IsUp_8 seems to lay down the ‘benefits’ of following such a path. Perhaps the idea conveyed here is that he who has acquired true knowledge of the Self ‘reaches’ the Self, that ageless, eternal One, that ‘wise sage’ who ‘disposed all things rightly for eternal years’. He realizes that like the Lord, he too is ‘bright, incorporeal, scatheless, pure’. He is really ‘without sinews’, ‘without muscles’. ‘I am not this body’– realization dawns. Body is un-eternal.

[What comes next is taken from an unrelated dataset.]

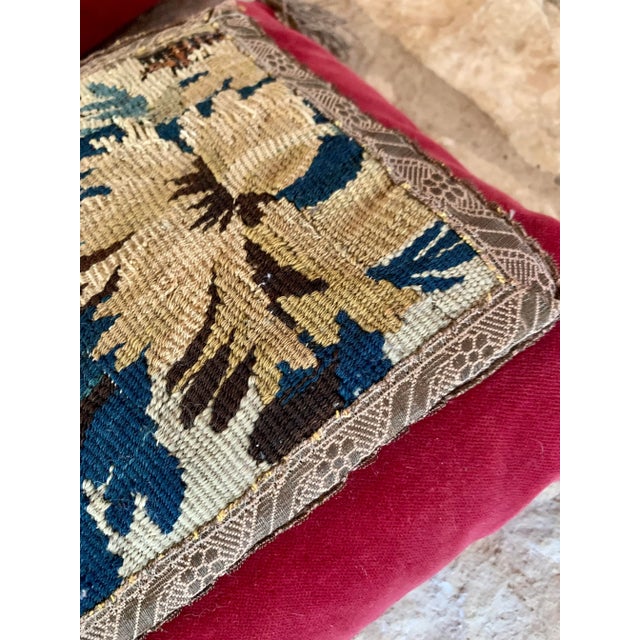 Shabby Chic Antique 18th Century European Verdure Tapestry Fragment Velvet Pillows With Bullion Fringe- A Matching Pair For Sale - Image 3 of 10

The passage beginning andha tama praviśanti to sabhūti ca vināśa ca

This section seems to be concerned with determining the parameters of true worship or upasana. We must exercise discrimination in our process of upasana. The approach of the seer is as discriminating as that of the swan. Equipped with true vidya, only the Lord must be worshipped. Only Spirit, not matter.

True knowledge (vidya) is knowledge of the Self, the Lord (as already taught by the seer in the preceding verses). Similarly, the true unmanifested (asambhūti) is really the Lord, the Self. But, if one were to commit the fatal mistake of (falsely) identifying the real with the unreal, then, again, as in IsUp_3 (asuryā nāma te lokā), one is condemned to fall into the andha tama, the ‘blinding darkness’ of the ‘sunless worlds’.

They who are steeped in rank ignorance ‘make a cult of nescience’. They degrade themselves spiritually by such worship but receiving the counsel of the saints and seers, they would correct themselves. They did not know. In that way, their ignorance holds them in good stead. But the middle category of half-learned persons who have crossed the stage of total ignorance (by possessing imperfect knowledge) yet have not grasped the correct knowledge of Reality (but would never admit it, unlike the totally ignorant,) are irredeemable. Their minds are closed. They plunge, as it were, into greater darkness. The Bhagavata talks of such ‘godless people’ who, shrouding their Self in ignorance, mistake karma for knowledge and fall down deep into hellTP[14]PT.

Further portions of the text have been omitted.